Artwork Information

  • Title:

    Ghost Women of Essaouira, No. I, The

  • Artist:

    Browning, Colleen

  • Artist Bio:

    American (born in Ireland) 1929–2003

  • Date:

    1983

  • Medium:

    Oil on canvas

  • Dimensions:

    40 1/2 x 48 3/8 inches

  • Credit Line:

    Wichita Art Museum, Museum purchase, the Lulu and Kenneth Brasted, Sr. Memorial Fund

  • Object Number:

    1986.83

  • Display:

    Not Currently on Display


About the Artwork

This painting, titled The Ghost Women of Essaouira, No I, was executed in 1983 by the American realist Colleen Browning. The work simply depicts three figures—two women heavily cloaked in traditional Eastern dress and one male in western garb seen in the far distance—who are walking along a narrow, alley-like street in Moroc­co. But the primary interest of this painting stems not from the theme but from the powerful formal dynamics of the composition itself. Indeed, the arrangement of line, shapes and colors is geometrically planned to draw the eye to a central focal point. For the vast stretches of wall surface that border the narrow street are punc­tuated by the bright blue and yellow windows and doors that cluster near the center of the composition and hold the viewer’s attention. At the same time, the eye travels along the narrow street into the compositional depths where it halts as the street bends to the right in a murky atmosphere of ominous shadows. It is there that visibili­ty ends and imagination takes over.

Another aspect of enormous interest relates to the sensorial responses vicariously experienced as the result of the artist’s treatment of the scene. For the attentive viewer readily becomes aware of the stench of stale air trapped in the narrow street, the reverberating clack of the footsteps in an otherwise silent setting, and the un­sightly stains both on the walls and on the street. Moreover, the marked variations in the thickness of pig­ment applied by the artist to the canvas accent the im­pression of crumbling stucco and patched wall surfaces so commonly found on actual house walls in the Mediterranean region.

One other point of much interest is found in the marked contrast between the social reality of the past in confrontation with present-day activities. This, of course, is effectively accomplished by the introduction of such anachronistic elements as the bicycle, the elec­tric wiring, the high heeled shoes worn by the cloaked woman in the foreground and the steel manhole cover set into the street near the center of the composition. In­deed, the technique of compressing time in a composi­tion of this type is a feature that justifies the use of the term new realism as a valid description of much contem­porary work.

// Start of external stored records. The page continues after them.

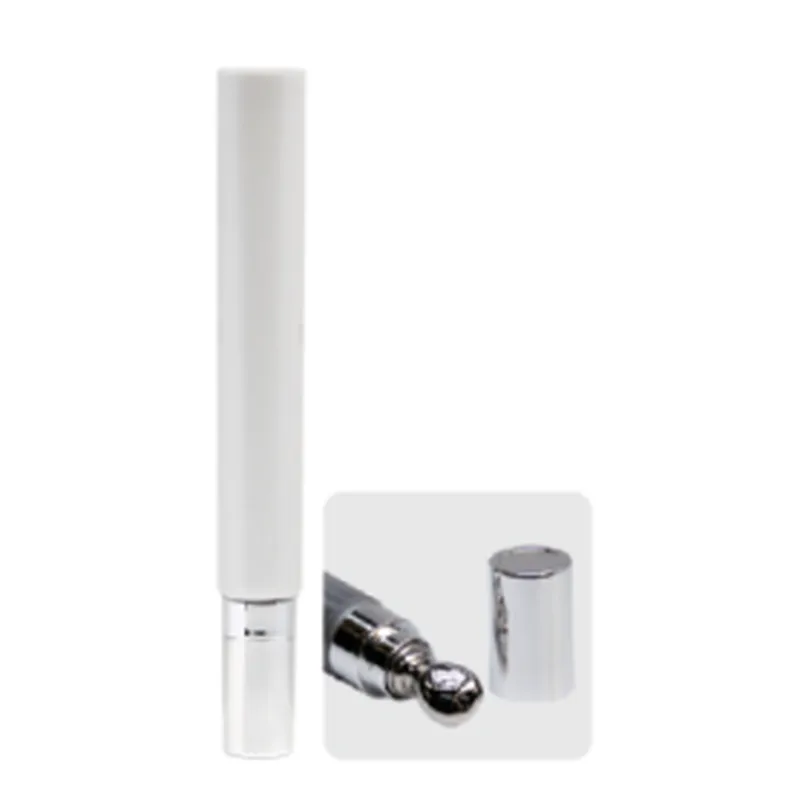 Tuýp trắng đầu 2 bi nắp bạc – mã NXT1316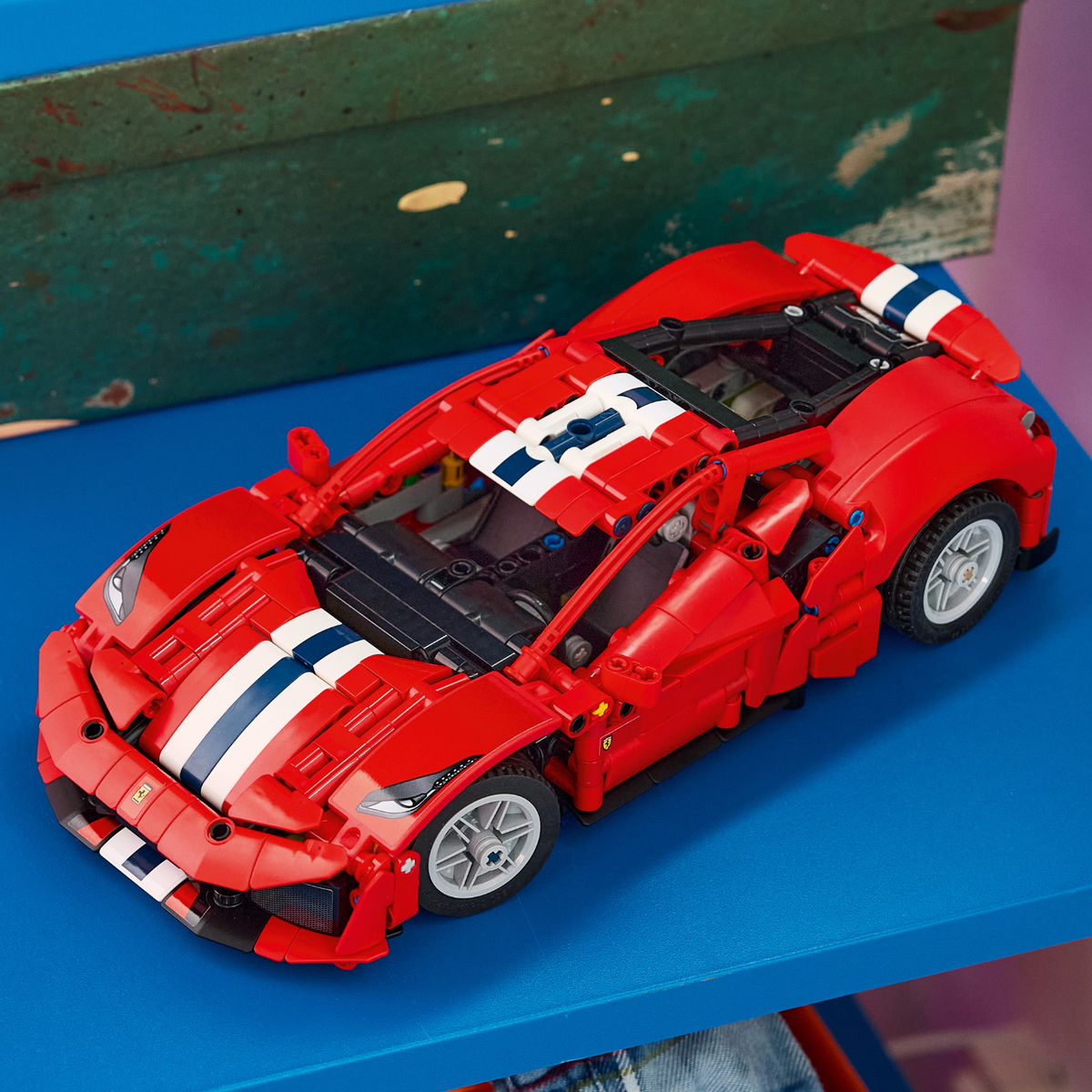 LEGO? Technic Ferrari 488 PISTA Car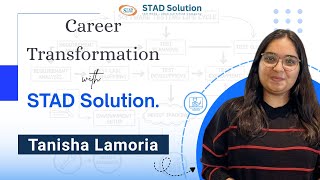 From Beginner to Confident Tester 🚀 | Software Testing Success Story | STAD Solution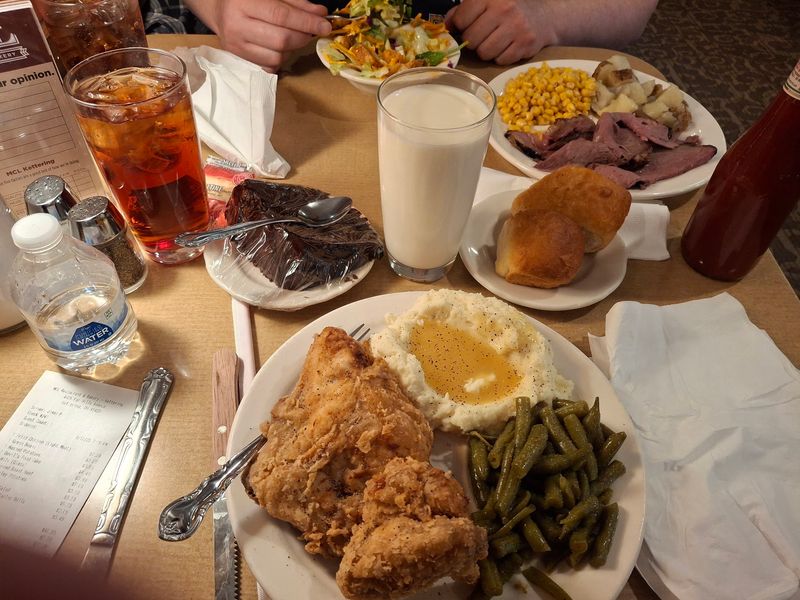 Fried Chicken Worth Writing Home About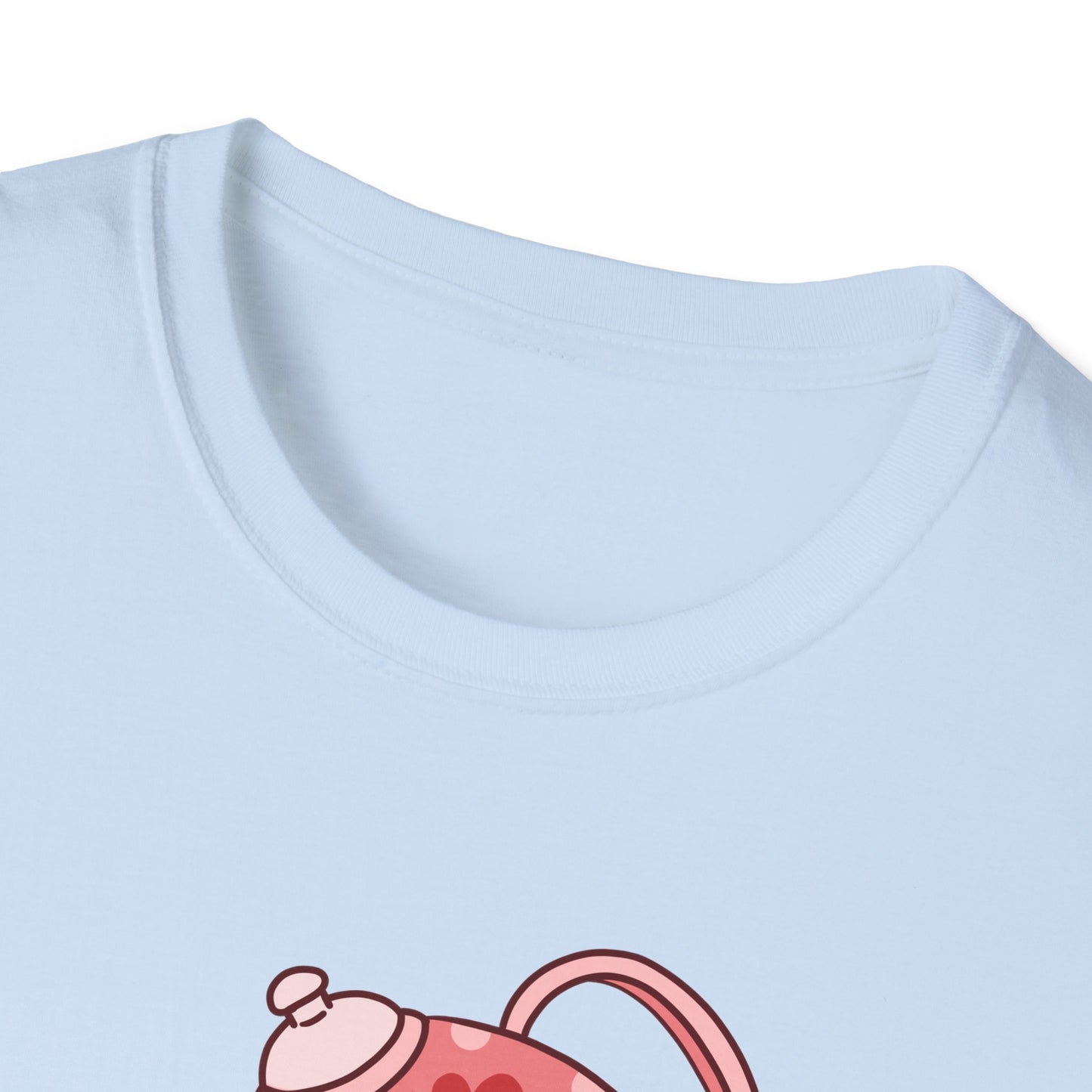 Charming 'Steal Your Heart' Teapot T-Shirt | Adorable Valentine's Day Love & Tea Lover Gift | Sweet Romantic Tee
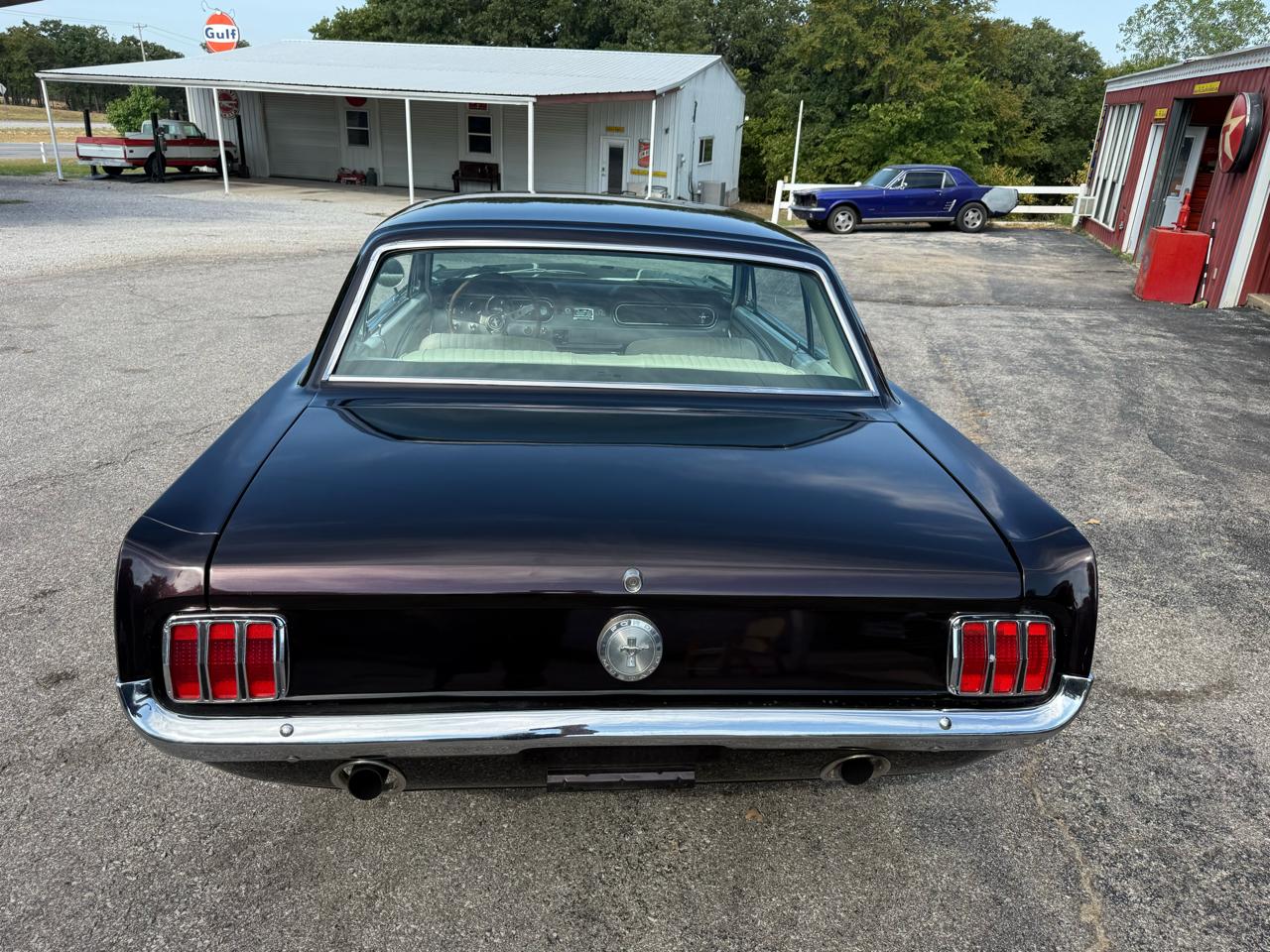 Ford Mustang 2dr Coupe 1966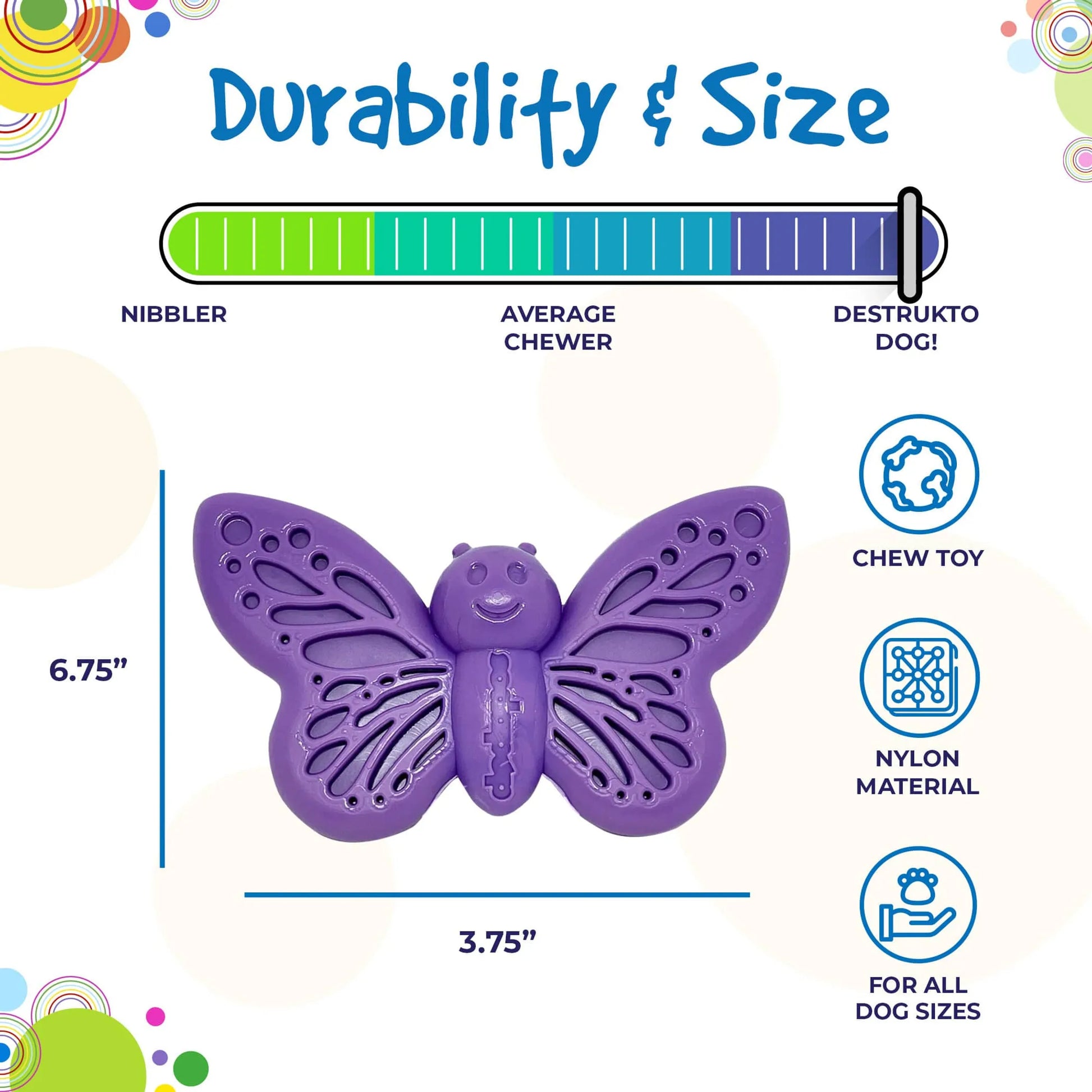 SP Butterfly Chew and Enrichment Toy - Your Pet Connection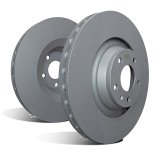 EBC 85-89 Mercury Merkur XR4Ti 2.3 Turbo Premium Front Rotors thumbnail 3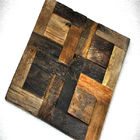 Recicle os painéis de parede de madeira do mosaico, placa da parede do barco/tapumes de madeira para a decoração da casa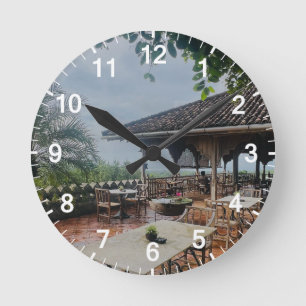 Horloge murale personnalisée (Ajouter votre propre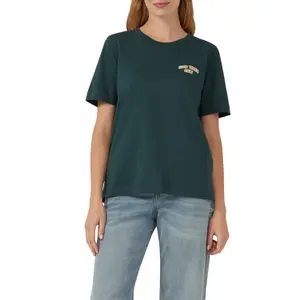 T-shirt Relaxed Fit με εκτύπωση εμπρός και πίσω γυναίκες s.Oliver image-2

Colleen Browning is of Celtic ancestry and was born in County Cork, Ireland, in 1929. She studied art at the Slade School of Art in London. In 1949, she immigrated to America and settled in Rochester, New York. She is a resident of New York City but, at the same time, has a studio on the Caribbean Island of Granada, where she spends many months each year. She has exhibited in major museums throughout the United States and Europe.